In Russian waters, Russian Fishing News agency reported ice and storm conditions as culprits for the poor fishing lately, about 2 percent below last year’s levels.
Fishing in the Gulf of Alaska and Bering Sea is relatively slow too, with catches totalling just over 120 thousand metric tonnes as of March 4th.
With demand increasing domestically, more Alaskan raw materials are being kept for domestic production instead of export to China.
For this reason, single frozen prices are strong - about 10 cents stronger than this time last year, between $3.80 and $3.85 in Seattle for 8-16oz Shatterpack Pacific Cod fillets.
--- Pacific Cod raw materials have jumped about $300 per metric tonne in the past 4 months - some vendors report raw materials around the $3500 mark.
These prices are approaching Atlantic cod raw materials, which have remained strong but steady, between $3650 and $3700 per metric tonne since November.

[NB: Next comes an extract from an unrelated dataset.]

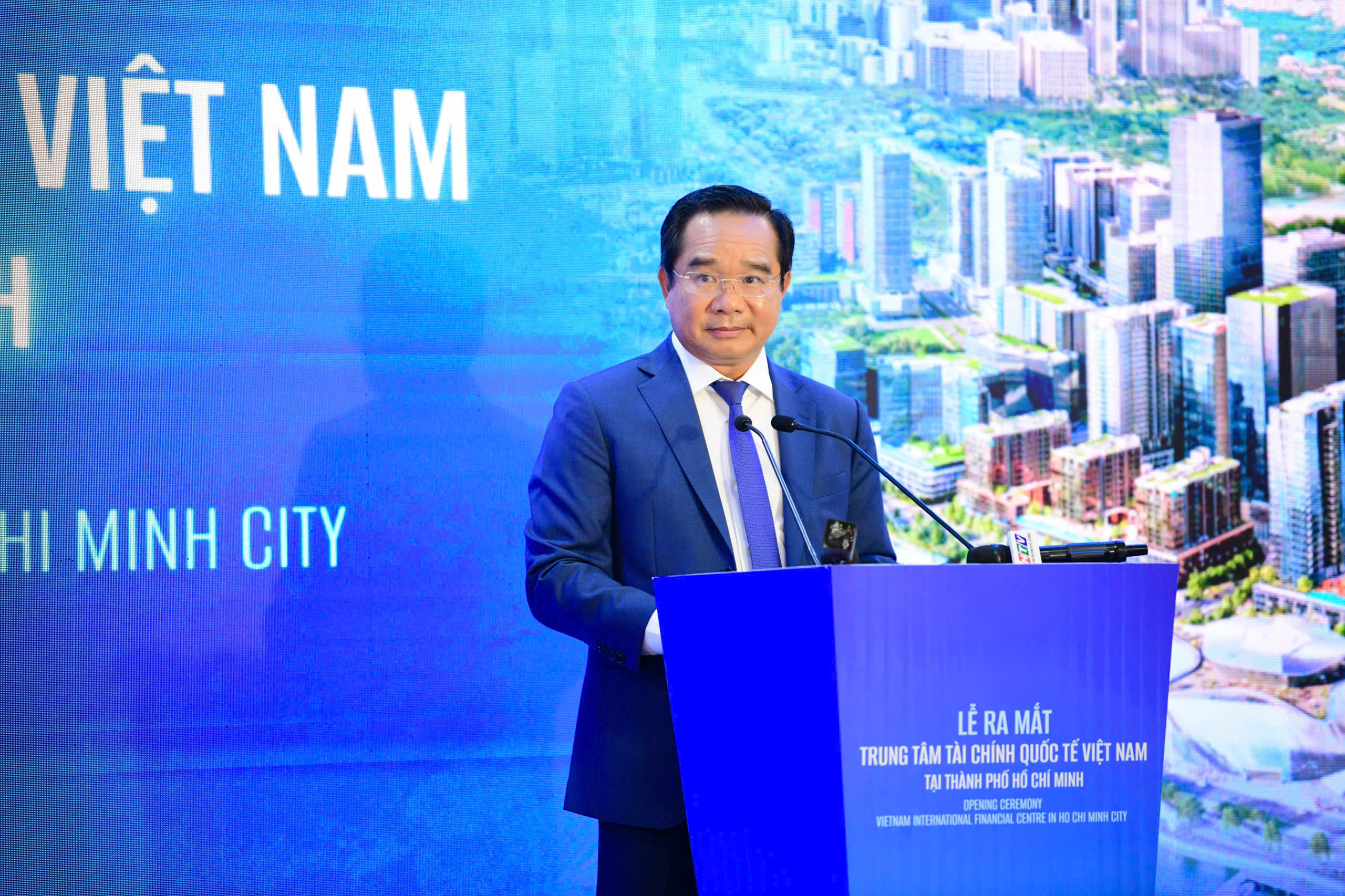 Thủ tướng đ&aacute;nh cồng ch&iacute;nh thức ra mắt Trung t&acirc;m t&agrave;i ch&iacute;nh quốc tế Việt Nam tại TPHCM - Ảnh 4.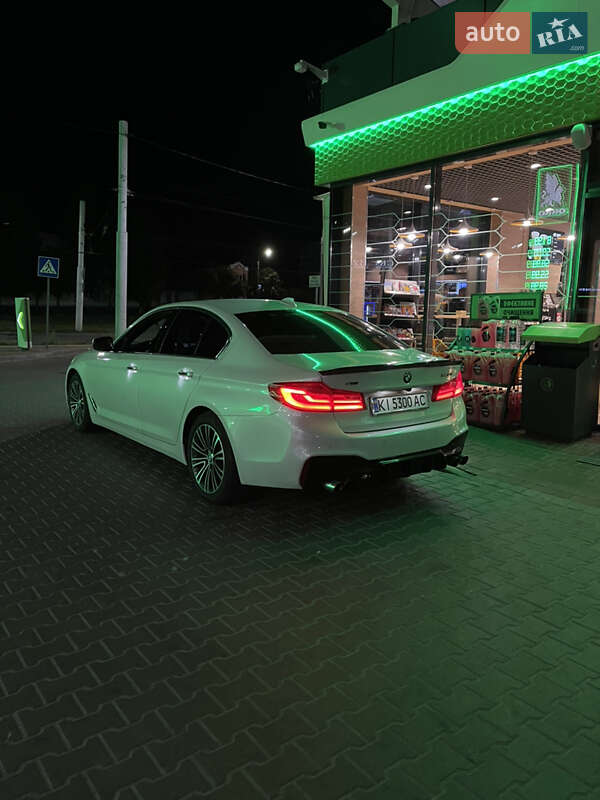 Седан BMW 5 Series 2017 в Киеве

--- The twice frozen pacific Cod market began to slow last fall, with domestic inventories around $2.80/lb on the East coast.
Since then, twice frozen loins have crept up and are now sitting at $2.85 per pound, with an expected 10 to 15 cent price increase by May.
The twice frozen fillet market is particularly short, with most inventories already allocated to contracts.
We have seen a shortage of twice frozen small fillets like the 4-8oz, which are typically in abundance this time of the year.
Small lot offers of 8-16oz twice frozen IQF pacific cod fillets are around $2.45 to $2.50 per pound on the West Coast, with replacement inventory expected to be around the $2.60 mark.
--- Buyers should prepare for these price increases by securing replacement inventory now, as Lenten demand continues to clear out domestic twice frozen inventories. Any product on the water right now will be at the new, stronger pricing.